本発明は、磁気共鳴イメージング装置、及び方法に関し、特にその画像再構成技術に関する。
磁気共鳴イメージング(Magnetic Resonance Imaging:以下、MRIという)装置は、被検体、特に人体の組織を構成する原子核スピンが発生する核磁気共鳴(Nuclear Magnetic Resonance:NMR)信号を計測し、その頭部、腹部、四肢等の形態や機能を2次元的に或いは3次元的に画像化する装置である。撮影においては、NMR信号には、傾斜磁場によって異なる位相エンコードが付与されるとともに周波数エンコードされて、時系列データとして計測される。計測されたNMR信号は、2次元又は3次元フーリエ変換されることにより画像に再構成される。特にスピンエコー系撮像シーケンスと呼ばれる計測手法では、信号計測を比較的長い時間で繰り返し行い、その計測し終わった信号に対して、2次元もしくは3次元フーリエ変換を行うことで画像を再構成する。

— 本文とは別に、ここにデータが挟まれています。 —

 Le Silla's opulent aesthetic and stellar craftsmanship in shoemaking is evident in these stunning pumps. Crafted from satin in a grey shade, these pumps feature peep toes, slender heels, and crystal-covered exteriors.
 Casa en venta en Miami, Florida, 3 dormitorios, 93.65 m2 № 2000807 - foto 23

そのため、通常、計測を開始して全エコー信号を取得し終わってから、再構成処理を行なうため、計測後画像を得るまでの時間が長くかかってしまう。これに対し、特許文献1にはエコー信号取得毎に画像を作成して表示する技術が記載されている。また、特許文献2ではエコー信号取得毎に1次元(周波数エンコード方向)目のフーリエ変換を実施し、全エコーデータ取得後の処理を2次元(位相エンコード方向)目のフーリエ変換のみとすることで計測後の画像を得るまでの時間を短縮する技術が記載されている。

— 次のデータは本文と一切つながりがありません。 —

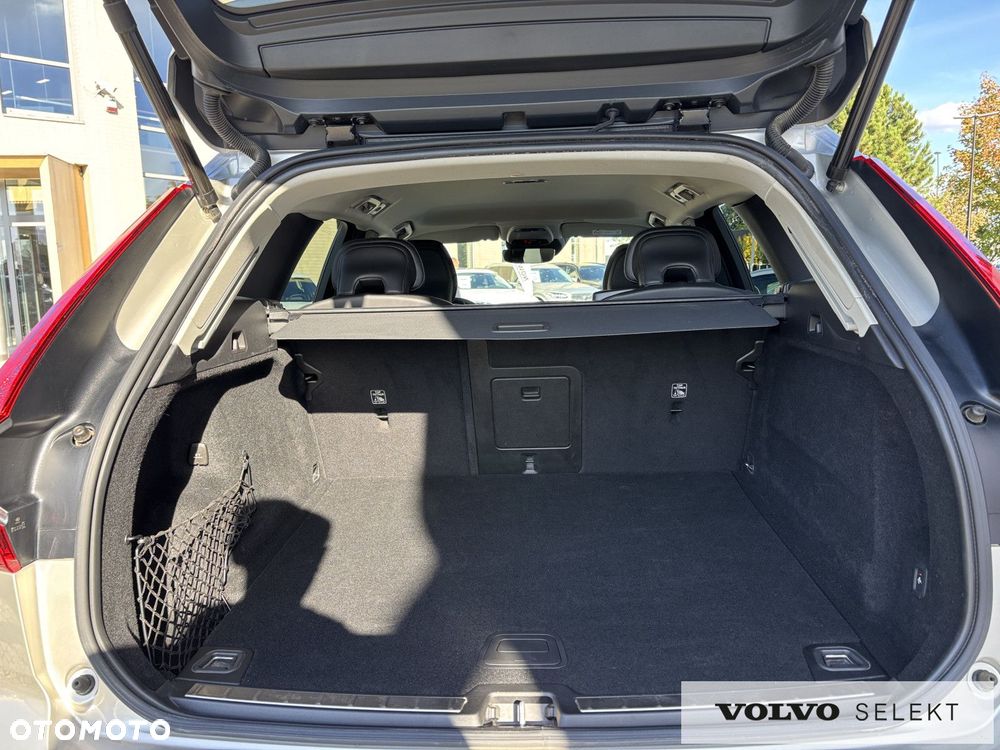 Volvo XC 60 - 22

特開2008−55023号公報 特開平3−12130号公報
しかしながら、特許文献1では、エコー信号毎に画像再構成処理(2次元フーリエ変換)を実施するが、保存対象および追加対象がRaw Data(エコー信号群)であり、エコー信号受信毎にそれまでに受信した全エコー信号に対する2次元フーリエ変換を行う必要がある。この為、従来技術と同等の画像を取得するまでの時間は短縮されていない。一方、特許文献2では従来技術と同等の画像を取得するまでの時間は1次元目のフーリエ変換の計算時間分の短縮が可能であるが、2次元目のフーリエ変換に掛かる時間は短縮されていない。

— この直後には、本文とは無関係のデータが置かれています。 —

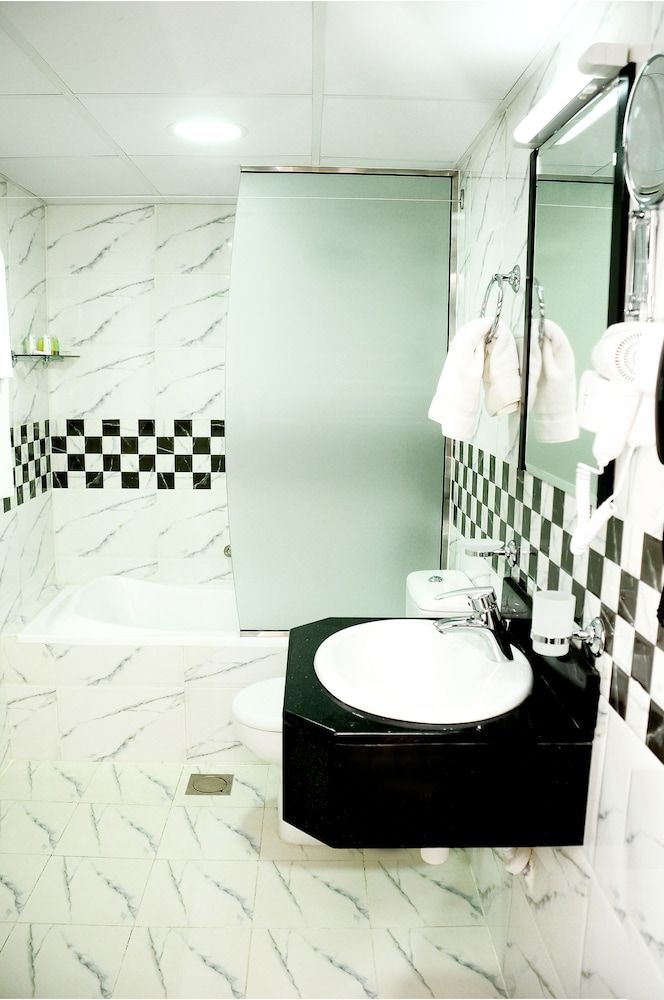 Royal Falcon Hotel Junior Suite 4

本発明の目的は、上記の課題を解決し、最終エコー取得後から画像再構成完了までの時間の短縮を実現したMRI装置、及び方法を提供することにある。
上記目的を達成するために、本発明においては、被検体を収容する空間に均一な静磁場と、静磁場に重畳する傾斜磁場と、被検体へ照射する高周波磁場とを発生する磁場発生部と、被検体から発生する核磁気共鳴信号をエコー信号として計測する計測部と、計測されたエコー信号を画像化する信号処理部と、磁場発生部、計測部、信号処理部を制御する制御部とを備え、制御部は、受信した1エコー信号のみのフーリエ変換を行い、得られる変換データを保持し、エコー信号の受信を繰り返す毎に、得られる変換データを累積加算して画像再構成処理を行なう構成の磁気共鳴イメージング装置を提供する。
また、上記目的を達成するため、本発明においては、磁気共鳴イメージング方法であって、被検体を収容する空間に均一な静磁場と、静磁場に重畳する傾斜磁場と、被検体へ照射する高周波磁場とを発生し、被検体から発生する核磁気共鳴信号をエコー信号として計測し、計測されたエコー信号を画像化する際に、受信した1エコー信号のみのフーリエ変換を行い、得られる変換データを保持し、エコー信号の受信を繰り返す毎に、得られる変換データを累積加算して画像再構成処理を行なう磁気共鳴イメージング方法を提供する。
本発明によれば、最終データ取得後からの計算量の減少効果が得られ、計測開始から画像再構成完了までの時間の短縮を可能とするMRI装置、及び方法を提供できる。
実施例1に係る、MRI装置の全体構成に一例を説明するための図である。 実施例1のMRI装置における計測フローチャートを示す図である。 実施例1に係る、画像再構成シーケンスと最終データ取得後の計算量を説明するための図である。 従来の画像再構成シーケンスと最終データ取得後の計算量を説明するための図である。 実施例1と従来技術における最終データ取得後の計算量の比較を説明するための図である。
以下、添付図面に従って本発明の磁気共鳴イメージング(MRI)装置の実施形態について説明する。なお、本発明の実施形態を説明するための全図において、同一機能を有するものは同一符号を付け、その繰り返しの説明は省略する。
図1に基づき、各実施例に係るMRI装置の一例の全体概要を説明する。図1は、本実施例に係るMRI装置の全体構成の一例を示すブロック図である。このMRI装置は、核磁気共鳴(NMR)現象を利用して被検体の断層画像を得るもので、図1に示すように、MRI装置は静磁場発生系2と、傾斜磁場発生系3と、被検体へ照射する高周波磁場を発生する送信系5と、被検体から発生するNMR信号をエコー信号として計測する計測部として機能する受信系6と、信号処理部7と、シーケンサ4と、中央処理部(Central Processing Unit:CPU)8とを備えて構成される。静磁場発生系2と傾斜磁場発生系3と送信系5とで磁場発生部を構成する。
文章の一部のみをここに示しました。